Task instructions:
In the entries below, find the line with "Mountain Bottlebrush (23.5x23.5cm) Jen White" and the line with "1595584694786762.jpg"; reproduce those two lines and all lines between them exactly, without pictures.

Records for processing:
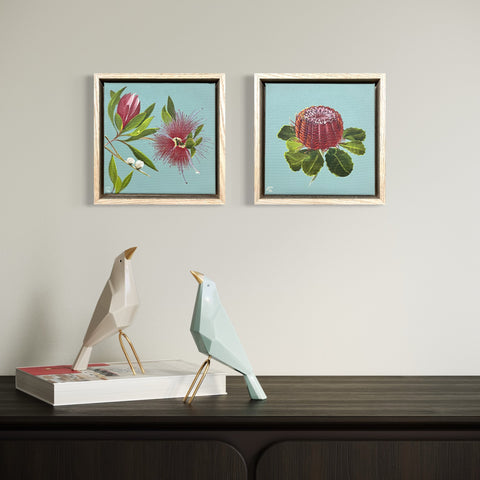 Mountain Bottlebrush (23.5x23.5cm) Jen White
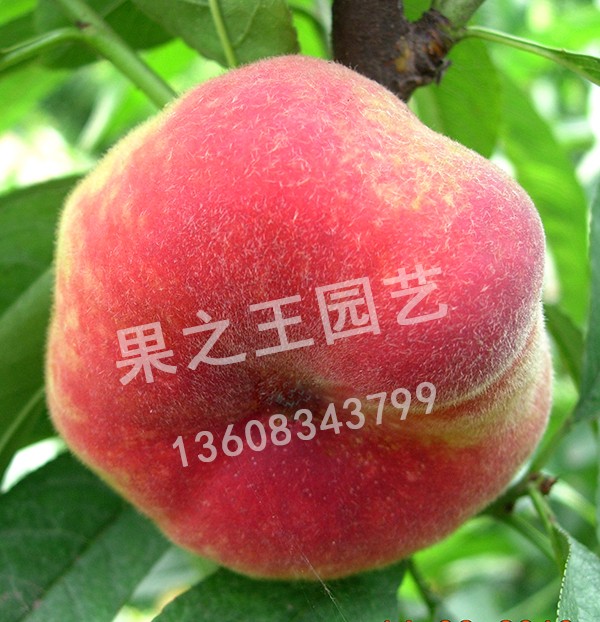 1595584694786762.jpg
==
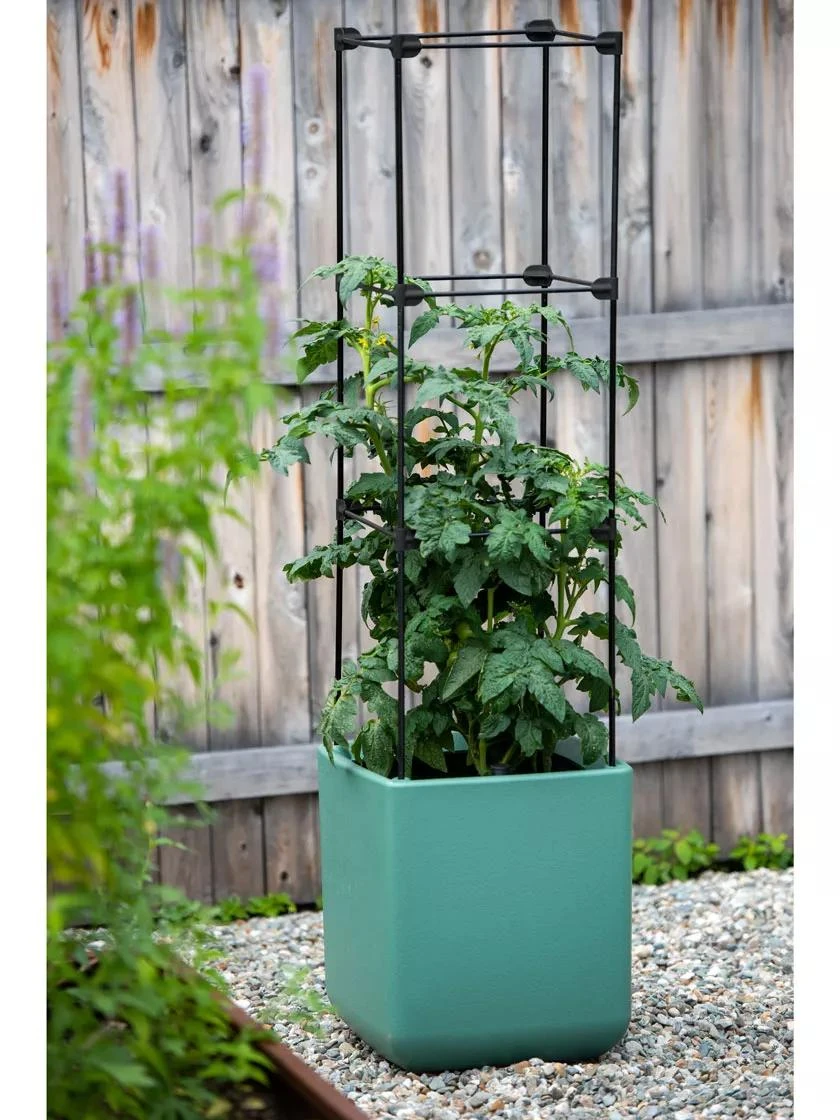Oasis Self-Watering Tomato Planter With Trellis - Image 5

Response area:
 Mountain Bottlebrush (23.5x23.5cm) Jen White
 1595584694786762.jpg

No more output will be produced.